Brief descriptive captions
== == ==

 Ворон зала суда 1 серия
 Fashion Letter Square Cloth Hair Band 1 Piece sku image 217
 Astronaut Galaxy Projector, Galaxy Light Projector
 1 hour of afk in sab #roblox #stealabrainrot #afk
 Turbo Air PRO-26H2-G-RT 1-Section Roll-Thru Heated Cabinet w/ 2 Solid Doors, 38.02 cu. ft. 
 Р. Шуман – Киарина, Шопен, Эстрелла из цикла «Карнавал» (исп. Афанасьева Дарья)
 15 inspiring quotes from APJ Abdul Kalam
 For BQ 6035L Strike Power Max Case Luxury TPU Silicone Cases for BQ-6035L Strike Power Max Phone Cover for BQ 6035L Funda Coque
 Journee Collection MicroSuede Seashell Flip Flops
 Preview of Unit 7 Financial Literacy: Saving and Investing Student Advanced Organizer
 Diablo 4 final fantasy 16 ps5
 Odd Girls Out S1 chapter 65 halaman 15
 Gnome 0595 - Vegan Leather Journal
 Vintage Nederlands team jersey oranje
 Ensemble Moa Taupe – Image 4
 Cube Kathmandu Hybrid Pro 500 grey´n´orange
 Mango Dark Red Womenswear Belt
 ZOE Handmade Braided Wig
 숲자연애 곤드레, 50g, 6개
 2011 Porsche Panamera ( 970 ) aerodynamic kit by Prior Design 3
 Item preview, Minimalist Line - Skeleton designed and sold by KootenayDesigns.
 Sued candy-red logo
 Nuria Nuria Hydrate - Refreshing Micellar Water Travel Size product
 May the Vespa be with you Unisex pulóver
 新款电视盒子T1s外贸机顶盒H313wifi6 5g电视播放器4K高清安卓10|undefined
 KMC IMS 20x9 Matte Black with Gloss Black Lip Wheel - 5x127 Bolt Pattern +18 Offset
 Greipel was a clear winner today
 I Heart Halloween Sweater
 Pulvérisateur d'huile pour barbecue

== == ==

▸ Work request:
Start at the first line of the entries and stop at the line with "15 inspiring quotes from APJ Abdul Kalam". Retype each of those lines exactly, both ends included.

▸ Answer box:
 Ворон зала суда 1 серия
 Fashion Letter Square Cloth Hair Band 1 Piece sku image 217
 Astronaut Galaxy Projector, Galaxy Light Projector
 1 hour of afk in sab #roblox #stealabrainrot #afk
 Turbo Air PRO-26H2-G-RT 1-Section Roll-Thru Heated Cabinet w/ 2 Solid Doors, 38.02 cu. ft. 
 Р. Шуман – Киарина, Шопен, Эстрелла из цикла «Карнавал» (исп. Афанасьева Дарья)
 15 inspiring quotes from APJ Abdul Kalam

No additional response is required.